Но со временем я понял, что, кроме игры артиста, в фильме есть такие важные вещи, как ритм, темп, что паузы могут утомлять, что
Иногда Донской бывал груб. Так было во время одной из сцен, когда я оговорился и прервал съемку.
— Кто сказал «стоп»?! — заорал Донской.
— Я сказал. Я забыл текст, — объяснил я.
— Забыл текст — продолжай махать руками. Потом озвучим!
— Как это? Я не марионетка, Марк Семенович.
— Не марионетка? Так слушай, что тебе говорят! Мне важно показать Ленина возбужденным.
Я возмутился:
— Я не буду махать руками!
Сказав это, я хлопнул дверью и ушел со съемок. Ирина Борисовна побежала следом:
— Не обижайся на Донского. Он знает, что делает.
— Я тоже знаю.
— Да, но только то, что относится к твоей роли. А Донской режиссер. Понимаешь разницу? Когда он снимал «Детство», роль бабушки играла Массалитинова.
— Знаю…
— Она была великая актриса. На сцене. В кино же снималась впервые. Никакого уважения к кинокамере. Так вот, Донской ей говорит: «Когда вы произносите монолог, не уходите дальше этой линии». А она отвечает: «Не указывай мне, милок, как играть. Я уж пятьдесят лет на сцене!» И стала играть, забыв о разметке на полу. Донской промолчал. А потом пригласил ее посмотреть отснятый материал. Массалитинова увидела на экране только свое плечо. Вся ее великолепная игра осталась за кадром. «А где ж я? — удивилась актриса. — Нельзя экран подвинуть? Я во — он там, за печкой…»
Ирина Борисовна была чудесный человек и умела сглаживать углы. К концу второго года работы я стал лучше понимать Донского, меньше ершился и больше слушал.
Продолжая рассказ о творческих приемах Донского, должен особо отметить его заботу о переходах между сценами.
— Я уверен, что Райзману скучно сидеть в монтажной, — рассуждал Донской. — Его режиссура сводится к простому сюжетному изложению. Форма его не интересует. Закончилась одна сцена, начинается другая. Он склеивает кадры, но, помимо этого, не извлекает ничего. Он актерский режиссер…

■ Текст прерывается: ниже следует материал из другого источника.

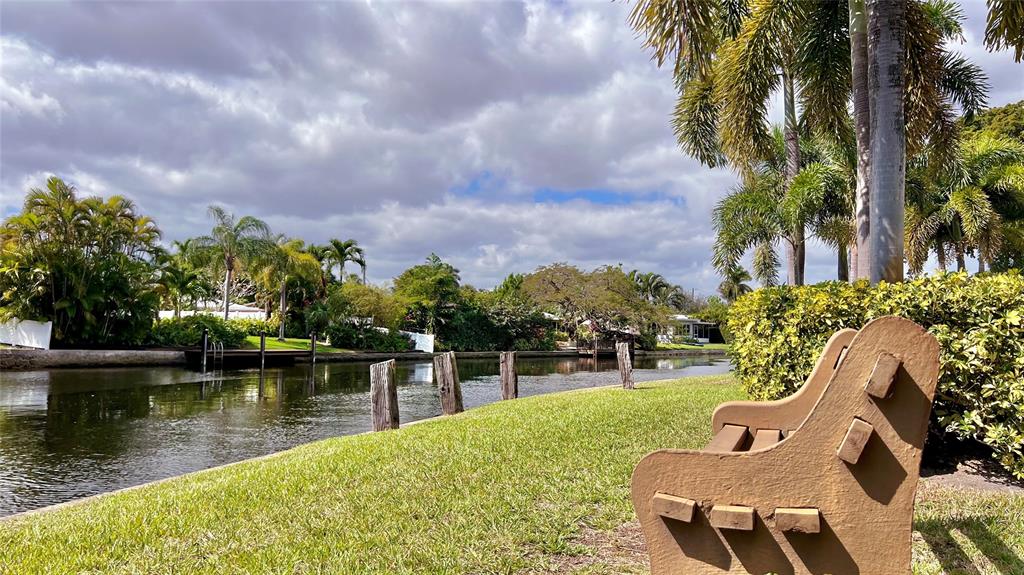 3002 Northeast 5th Terrace, Unit 209B Wilton Manors, FL 33334 - Photo 24 of 25 a view of a lake with a garden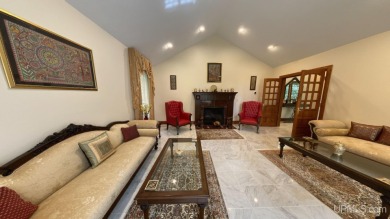 This executive home features 6750 sq. ft. Conveniently located on Marquette Golf Club in Michigan - for sale on GolfHomes.com, golf home, golf lot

В моем понимании игра артистов у Райзмана была на голову выше, чем у Донского. Но что-то в его рассуждениях показалось мне интересным.
— Сравни сам, — продолжал Донской. — У меня в «Фоме Гордееве» есть один переход. Помнишь, отец легонько подталкивает сына и говорит: «Иди!»? Мальчик выходит из кадра, а в следующем кадре он входит, уже тридцатилетний. Что придумал бы Райзман? Райзман написал бы: «Прошло 20 лет», и все. А я нашел переход. Что лучше, Каздалевский?
Трудно сказать. Можно и так, можно и по — другому. Но в версии Донского меня подкупала ее кинематографичность, выразительность. К тому времени я уже начал ухватывать, что язык кино — это особый язык, не поддающийся описанию, многозначный и емкий. В нем сходятся, сливаются разновеликие элементы: сюжет, игра артистов, место съемки, движение камеры, монтаж, музыка и многое другое.